Dabei ist es keineswegs überraschend, was er schreibt. Überraschend ist höchstens das allgemeine Erstaunen in den Medien. Frauen, postuliert Schröder, sind in Deutschland ebenso zufrieden wie Männer. Sie werden bei Bewerbungsverfahren nicht benachteiligt, im Gegenteil: Bei der Berufung von Professoren in den Gesellschaftswissenschaften werden sie sogar bevorzugt. Die angeblich schlechtere Entlohnung von Frauen erklärt sich daraus, dass Mütter Teilzeitarbeit bevorzugen, während Väter zufriedener sind, wenn sie sogar mehr arbeiten. Nicht Diskriminierung, sondern die eigenen Wünsche erklären das unterschiedliche Arbeitsleben von Frauen.
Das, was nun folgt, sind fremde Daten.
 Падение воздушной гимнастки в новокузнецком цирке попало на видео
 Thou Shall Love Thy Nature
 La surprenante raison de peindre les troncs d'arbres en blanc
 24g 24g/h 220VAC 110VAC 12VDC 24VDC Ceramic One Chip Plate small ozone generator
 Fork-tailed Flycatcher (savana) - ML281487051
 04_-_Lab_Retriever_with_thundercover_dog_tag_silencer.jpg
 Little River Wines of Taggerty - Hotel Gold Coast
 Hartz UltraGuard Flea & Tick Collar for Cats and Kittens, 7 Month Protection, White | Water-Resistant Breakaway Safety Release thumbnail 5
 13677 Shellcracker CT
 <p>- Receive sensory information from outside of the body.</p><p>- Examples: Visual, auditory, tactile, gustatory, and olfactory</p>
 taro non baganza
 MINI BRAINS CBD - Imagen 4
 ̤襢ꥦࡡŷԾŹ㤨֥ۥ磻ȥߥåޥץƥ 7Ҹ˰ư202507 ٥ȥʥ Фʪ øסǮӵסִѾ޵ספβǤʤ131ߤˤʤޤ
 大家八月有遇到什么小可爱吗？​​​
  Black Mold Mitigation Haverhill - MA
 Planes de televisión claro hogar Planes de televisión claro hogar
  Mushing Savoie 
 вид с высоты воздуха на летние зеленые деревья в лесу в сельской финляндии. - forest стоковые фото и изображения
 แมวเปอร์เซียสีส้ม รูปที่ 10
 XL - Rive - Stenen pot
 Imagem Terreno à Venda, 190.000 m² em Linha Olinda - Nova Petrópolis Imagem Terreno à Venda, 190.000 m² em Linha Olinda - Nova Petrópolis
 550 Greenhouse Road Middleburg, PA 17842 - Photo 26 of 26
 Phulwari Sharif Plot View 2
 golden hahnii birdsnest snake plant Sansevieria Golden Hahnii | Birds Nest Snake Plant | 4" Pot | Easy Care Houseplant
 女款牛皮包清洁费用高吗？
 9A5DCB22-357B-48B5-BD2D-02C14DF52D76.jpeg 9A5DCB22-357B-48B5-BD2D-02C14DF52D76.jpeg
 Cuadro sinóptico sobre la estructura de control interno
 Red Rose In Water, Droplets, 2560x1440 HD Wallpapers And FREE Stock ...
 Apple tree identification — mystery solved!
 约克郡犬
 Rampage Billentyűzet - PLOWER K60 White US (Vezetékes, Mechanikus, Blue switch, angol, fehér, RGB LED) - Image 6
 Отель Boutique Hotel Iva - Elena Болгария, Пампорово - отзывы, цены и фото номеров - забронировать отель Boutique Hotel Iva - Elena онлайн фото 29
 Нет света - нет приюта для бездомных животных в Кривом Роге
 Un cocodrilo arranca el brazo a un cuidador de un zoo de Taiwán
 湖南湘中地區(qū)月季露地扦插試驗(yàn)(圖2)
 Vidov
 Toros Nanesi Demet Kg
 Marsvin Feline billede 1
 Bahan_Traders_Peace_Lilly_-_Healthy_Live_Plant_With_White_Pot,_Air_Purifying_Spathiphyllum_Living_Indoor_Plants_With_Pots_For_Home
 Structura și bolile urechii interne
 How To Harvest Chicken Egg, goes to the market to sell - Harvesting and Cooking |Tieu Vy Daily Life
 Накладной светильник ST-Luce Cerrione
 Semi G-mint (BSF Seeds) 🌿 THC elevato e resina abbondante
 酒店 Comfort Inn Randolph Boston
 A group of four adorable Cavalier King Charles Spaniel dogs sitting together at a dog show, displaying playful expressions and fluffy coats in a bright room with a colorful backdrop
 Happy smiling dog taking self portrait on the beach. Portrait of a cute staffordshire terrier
Schröder weist darauf hin, dass Frauen eher in jenen Ländern zum Studium der ökonomisch erwünschten MINT-Fächer neigen, in denen es mit der Gleichberechtigung nicht so weit her ist. Wenn sie jedoch dürfen, was sie wollen, tun sie nicht das, was sie, Feministen zufolge, sollen. Das Opfernarrativ sei für Frauen nicht mehr anziehend. „Die reine Kategorie Frau“ sei „wenig aussagekräftig dafür, wie gut oder schlecht das Leben eines Menschen ist“.
Wer braucht also noch den Feminismus? Die vielen Professorinnen auf den Gender-Lehrstühlen, deren Thema sich erledigt hätte, würden die Damen einmal die Wirklichkeit zur Kenntnis nehmen.
Und die lautet: Wer Gleichstellung statt Gleichberechtigung will, muss Frauen zu etwas zwingen, was sie nicht wollen. Nichts könnte illiberaler sein. „Es gesteht Menschen nicht die Freiheit zu, so zu leben, wie sie möchten. … So ist der illiberale Feminismus zum Feind der Gleichberechtigung geworden.“
Erfreulicherweise sind solche Angriffe dem Unerschrockenen völlig egal. Wichtig ist, was unter freiheitlichen Bedingungen wirklich ist. Denn je freier Männer und Frauen sind, desto unterschiedlicher werden sie – die Gleichberechtigung nimmt zu, die Gleichstellung ab. In der normalen Bevölkerung sehen sich vier von fünf Frauen nicht als Feministin.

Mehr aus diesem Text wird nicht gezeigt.